AIX Process Priority and its Control


Introduction
As an AIX® administrator, you should already know the basics of how to work with processes, including researching, prioritizing, and killing them. You should also know how to tune your processes and optimize them accordingly, using the various tools at your disposal. These tools include some of the more recent tools available to you in AIX 5.3. To provide effective process control on your system, it is imperative that you understand the definition of processes and threads and the difference between them. This article also covers the psnice, and schedtune commands, as well as the Process Monitor Console (procmon), AIX Workload Manager (WLM), and other tools available to you. Let's start with definitions of processes and threads:
  • Processes -- A process is an activity within the system that is started with a command, shell script, or another process.
  • Threads -- A thread is an independent flow of control that operates within the same address space as other independent flows of controls within a process. A kernel thread is a single sequential flow of control.
Another way of looking at this is that the process is the entity that the operating system uses to control the use of system resources, while the threads control actual processor-time consumption. Most system management tools still require you to refer to the process rather then the thread. The process itself actually owns the kernel threads and each process can have one or more kernel threads (for example, multi-threaded applications). With threads, you can have multiple threads running on different CPUs on a system, which really takes advantage of computers with more then one processor (Symmetric Multiprocessing or SMP boxes). Applications can be designed to have user-level threads that are scheduled to work by the application or by the pthreads scheduler in libpthreads. Multiple threads of control allow an application to service requests from multiple users at the same time. With the libpthreads implementation, user threads sit on top of virtual processors, which are themselves on top of kernel threads. During this article, delve into more detail on the kernel aspects of a process and tools available to help you more effectively manage your overall system. To help you manage your environment, go through time-tested UNIX® commands and many of the new tools available to you as an AIX administrator.
Threads and SMT
Allowing threads to run on different CPUs also allows for effective utilization of simultaneous multi-threading (SMT). With the system in SMT mode, the processor fetches instructions from more than one thread.
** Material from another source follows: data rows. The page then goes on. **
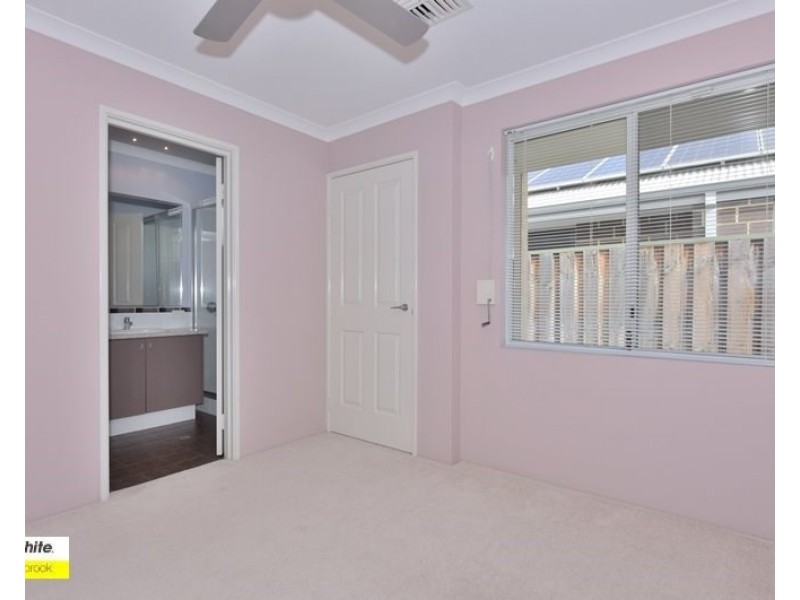 81 Farmaner Parkway, Ellenbrook WA 6069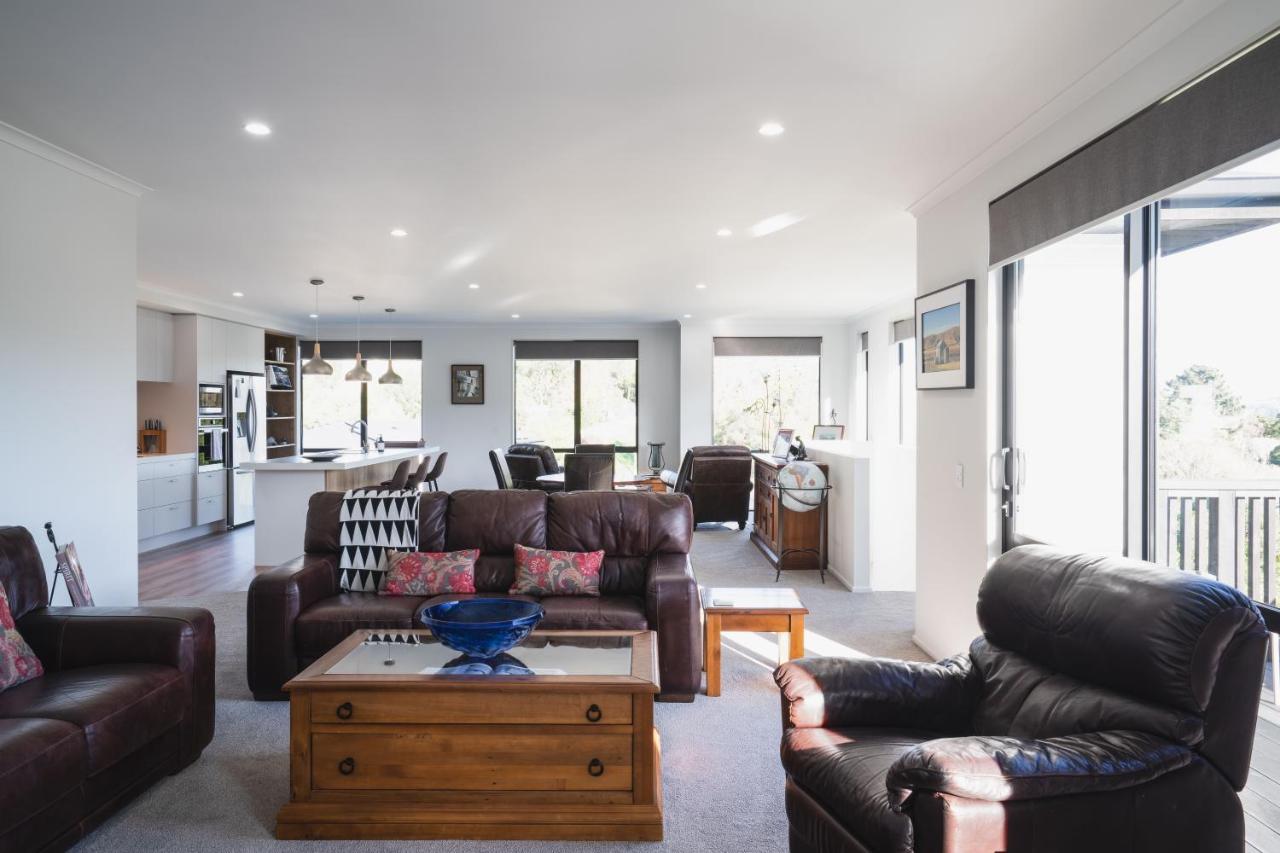 Villa Modern Family Friendly Getaway à Dunedin Extérieur photo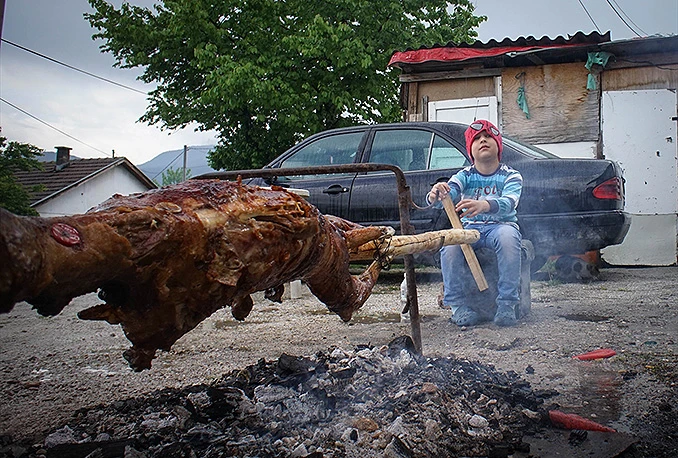 Slavlje bh. Roma: Proslava Đurđevdana uz pjesmu, janje i jorgovan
Exclusive to the POWER5 architecture, the concept of SMT is that no single process uses all processor execution units at the same time. The POWER5 design implements two-way SMT on each of the chip's cores. The end result is that each physical processor core is represented by two virtual processors. SMT is primarily beneficial in commercial environments where the speed of an individual transaction is not as important as the total number of transactions that are performed. SMT is expected to increase the throughput of workloads with large or frequently changing working sets, such as database servers and Web servers. Workloads that are floating-point intensive are likely to gain little from SMT and are the ones most likely to lose performance. These workloads heavily use either the floating-point units or the memory bandwidth. Workloads with low cycles per instruction (CPI) and low cache miss rates might see some small benefit. Generally, you should expect to see approximately a 30 percent increase in system performance due to SMT. You must determine whether the critical processes running on your system benefit from SMT. Critical processes typically benefit from SMT; however, if you determine otherwise, you need to shut it down -- it comes enabled by default.
Scheduling concepts
I'll try not to spend too much time on the kernel intricacies of the AIX scheduler, but you need to get to a better level of understanding before going into administering processes or tuning the scheduler.
Each CPU on a system has its own dedicated run queue, which is a list of runnable threads sorted by thread priority value. There is also another run queue called the global run queue. All new threads are placed in the global run queue. Every time the CPU is ready to dispatch a thread, this global run queue is checked before any other run queues. When a thread finishes its time slice on the CPU, it goes back on the run queue of the CPU it was running on. This helps AIX to maintain its processor affinity. (I'll discuss processor affinity in more detail later.)
There are some environmental variables you can tune to increase performance on the scheduler, which are out of scope on this article. The CPUs on the system are shared among all of the threads by giving each thread a certain slice of time to run. The default time slice is 10 ms (for one clock tick). It can be changed with the schedo command. Increasing the time slice can improve system throughput due to reduced context switching. One can look at the context switching using either the vmstat orsar commands. If the value of context switching is very high, increasing the time slice can improve performance, but this should only be done after extensive analysis.
Regarding system modes, there are two modes that a CPU operates in: kernel mode and user mode. In user mode, programs have read and write access to the user data in the process private region. This is the mode that a process should accumulate its majority of CPU time on. The other mode is kernel mode. Some of the programs that operate in kernel mode include interrupt handlers and kernel processes. Code operating in this mode has read and write access to the global kernel address space and kernel data in the process region when executing within the context of a process. User data within the process address space must be accessed using kernel services. When a user program accesses system calls, it does so in kernel mode, not user mode. You need to understand this concept when trying to interpret the output of commands, such as vmstat and sar.
Processor affinity and binding processors
Processor affinity is a facility provided by operating systems that is used on SMP hardware. Essentially, all the threads within the process can be bound to run on the specified processor. AIX automatically tries to encourage processor affinity by having one run queue per CPU, which was discussed earlier. Using process affinity settings to bind or unbind threads can help you find the root cause of hangs or deadlocks that are difficult to debug. Some applications might also run faster if their threads are always bound to run on one particular CPU.
In a typical SMP system, all of the processors are identical and can run any thread on its system. Essentially, any process or thread can be dispatched to run on any processor, except for processors or threads that are bound to run on a specific processor. This can be accomplished using the bindprocessor command. Let's look at an example (see Listing 1).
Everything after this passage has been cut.